And there are also some other expenditures that are not necessarily part of the federal budget deficit in a given year, but do accumulate in the long run as part of the overall federal debt.
And let me just say - by way of explanation - the deficit is a one-year figure, whereas the federal debt is the accumulation of all federal deficits back to George Washington.
NEARY: Right. Which people get confused about. A follow-up here to that, from William in San Antonio. “Are the costs of the Iraq and Afghan wars included in the reported deficit figure, or are these off-budget items funded entirely by debt but not included in the official budget deficit numbers?”

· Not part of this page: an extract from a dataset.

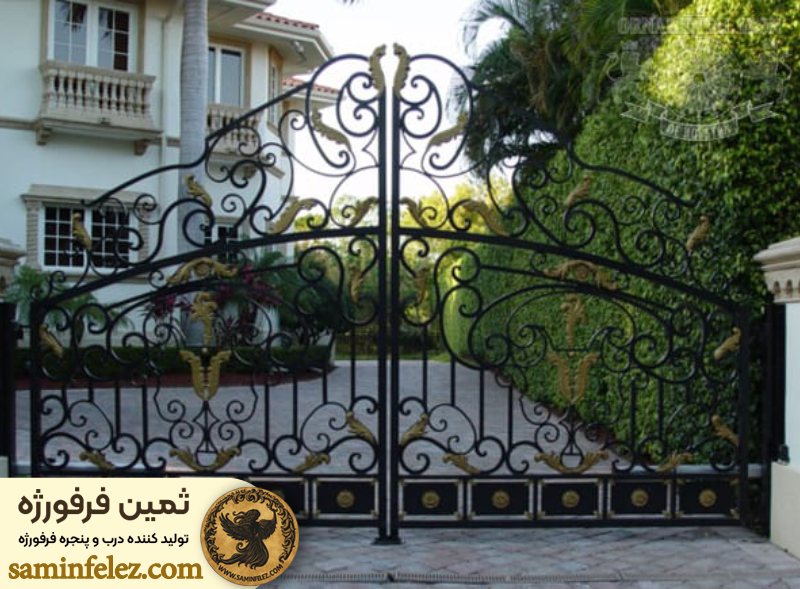 کاربرد درب کلاسیک فرفورژه در حیاط و پارکینگ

ELVING: In the budgeting that Congress and the President do, the costs of the war are, let us say, underrepresented, and that larger amounts are then spent for Afghanistan and Iraq, and other things - emergency spending such as Hurricane Katrina - in what are called supplemental emergency appropriations bills that are not part of the regular budget.

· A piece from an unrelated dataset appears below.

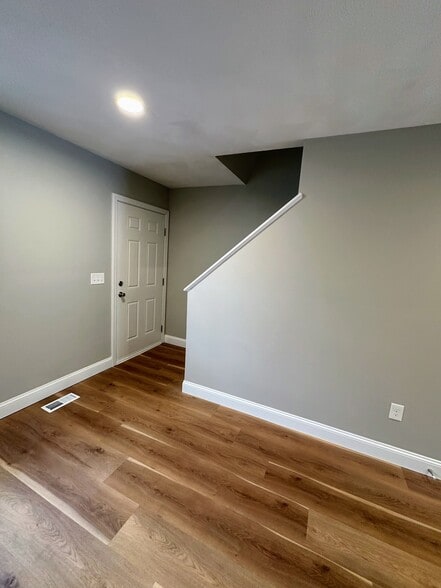 Front door - 489 Boston Neck Rd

However, that spending ultimately does become part of the revenue versus expenditure stream, so it does show up, eventually, in the federal budget deficit figures. And certainly, it's reflected in the total federal budget debt.
NEARY: Okay. I think we have time for one more question. “How much of the deficit reduction is coming from record oil profits?”
ELVING: There have been very high profits in the oil industry in recent months, and that is a contributing factor, surely, to the increased corporate tax collections. What the percentage is, I couldn't say.
NEARY: All right. Well, thanks so much for being with us today, Ron.
ELVING: My pleasure, Lynn.
NEARY: Ron Elving is NPR's senior Washington editor, and he joined me here in Studio 3A.